I had Alice in ‘Le Cocon’ at Hôpital Erasme in Anderlecht which I quite liked – it’s “a space dedicated to having a natural birth which is managed by midwives and nurtures the mother-child bond right from the start”.

It was like being at home in 1 of their 4 large rooms with a big bed, tub, private toilet, various supportive tools to give birth with, like a birthing ball, birth sling, and dimmable lights. It was like I wasn’t at a hospital at all.

It was pretty much what I was looking for in terms of a birthing experience for my little girl. It didn’t take too long either. Maybe a few hours of contractions and then I knew she was ready. I had been laying in their bed and eventually I wanted to move to the tub in order to give birth in it. But I actually didn’t make it all the way there.

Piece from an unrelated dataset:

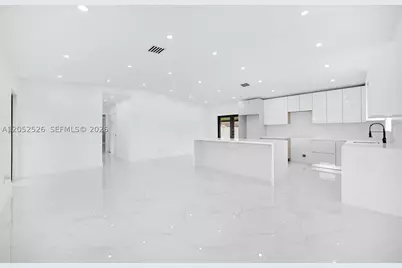 18670 SW 123rd, Miami, FL 33177 - Photo 20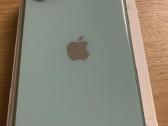 iPhone 11-64gb - nuotraukos Nr. 3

On the way, in mid-step, I knew it was time, and in what felt like seconds, with one or two pushes, my husband holding me up and my midwife ready to catch her, my little girl arrived – as if she was too excited to wait any longer. Alice was born on New Year’s Eve with fireworks and all 😉

I loved having a natural birth for my daughter. I had a natural birth for my older son too, in Canada, and it was spectacular. There, I had him in an actual birthing centre solely dedicated to such birthing approaches with skilled, certified midwives. During both births, the midwives took no risks, they reassured me and checked in on me and let me take my time, and honestly, in both cases it was like I was in an oasis prepared just right for remaining calm and letting my body do what other women have done since the dawn of time.

I just needed a dark, peaceful warm room with my husband beside me and let my contractions build up to THE moment it was time.

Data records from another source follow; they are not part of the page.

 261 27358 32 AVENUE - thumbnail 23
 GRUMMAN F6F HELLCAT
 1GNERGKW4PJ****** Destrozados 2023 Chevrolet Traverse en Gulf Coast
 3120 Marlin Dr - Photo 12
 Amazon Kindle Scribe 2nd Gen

I realise the idea of natural childbirth isn’t for everyone, as it depends on individual preferences, values, and medical considerations. However, thanks to my wonderful cousin who suggested it back when I first became pregnant with my son, I really want more women to consider it.

Here are some potential benefits associated with natural childbirth [Editor: The part in brackets is Christina’s personal comment about each benefit she’s mentioned.]:

Sense of empowerment
“For many women, having a natural birth can provide a sense of empowerment and accomplishment. Some find that the experience of giving birth without medical interventions enhances their confidence and connection to the birthing process.”

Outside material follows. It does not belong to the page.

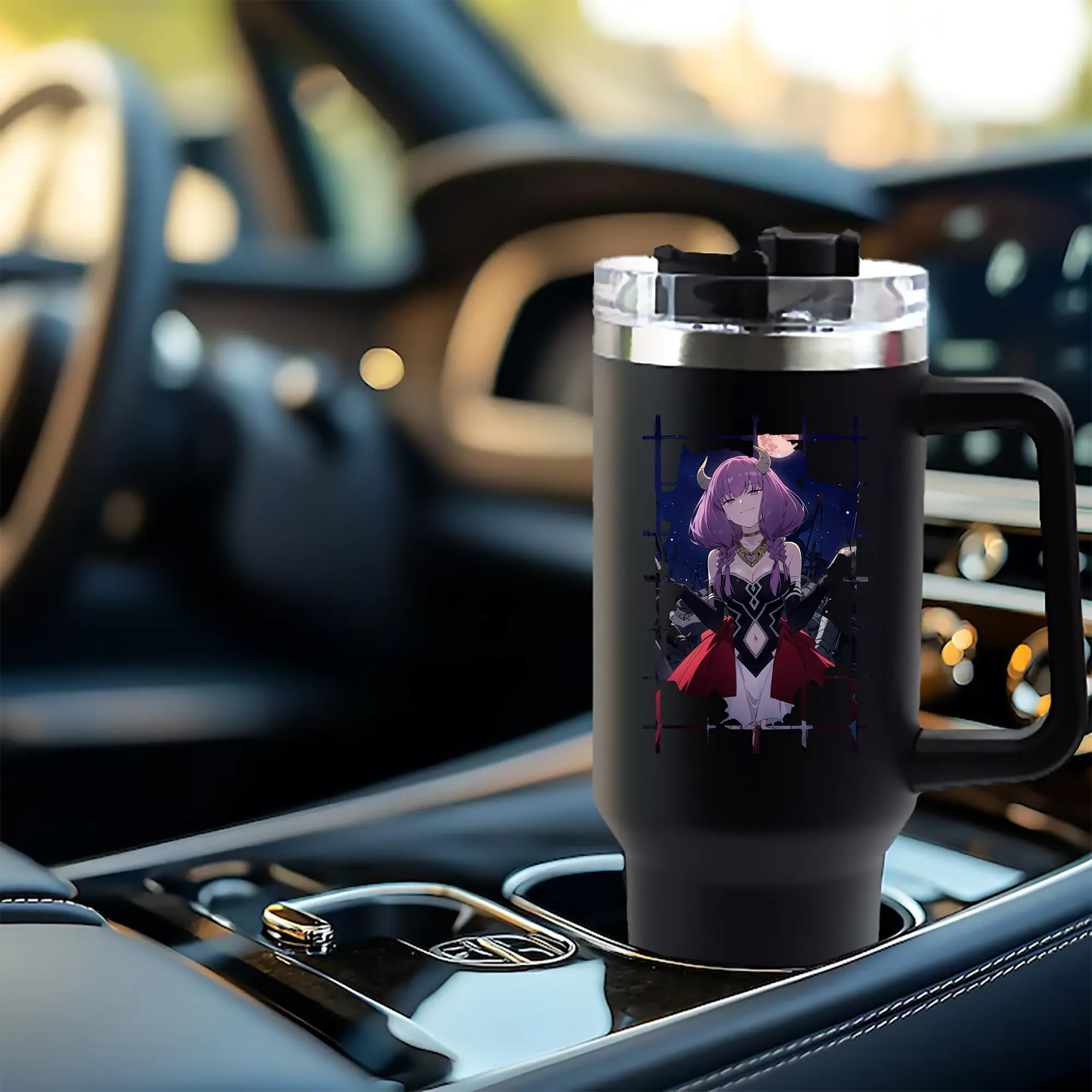 葬送のフリーレン（Frieren） グッズ,アウラ（Aura）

(I definitely did, go me, go you!)

Flexibility and movement
“Natural childbirth often allows for more freedom of movement during labour, as women may choose different positions to ease the process. This can be beneficial for managing pain and promoting optimal fetal positioning.”

(Personally, I felt like a cat in labour. I lay on the bed in a fetal position and just breathed through the contractions until the moment it really felt like my babies were ready to enter the world.) 

Fewer interventions
“Natural childbirth typically involves fewer medical interventions such as induction, epidurals, and cesarean sections. For some people, avoiding these interventions is preferable for various reasons, including a desire for a more ‘hands-off’ birthing experience.”

(I was so confident I could do it and was adamant no one would force me to get it done their way.)

Bonding and breastfeeding
“Some argue that the hormonal changes during natural childbirth, such as the release of oxytocin, can promote bonding between the mother and the baby. Additionally, an unmedicated birth may make it easier for the baby to breastfeed in the early hours after delivery.”

(Not going to lie, breastfeeding was hard to figure out at first, but after a week or 2, I got the hang of it. My goal had been 9 months to a year, but 6 months was what I managed … mainly out of boredom, sorry kiddies.)

Faster recovery
“Women who have a natural birth often experience a quicker recovery compared to those who undergo interventions like cesarean sections. The absence of certain medications and procedures may contribute to a faster return to normal activities.”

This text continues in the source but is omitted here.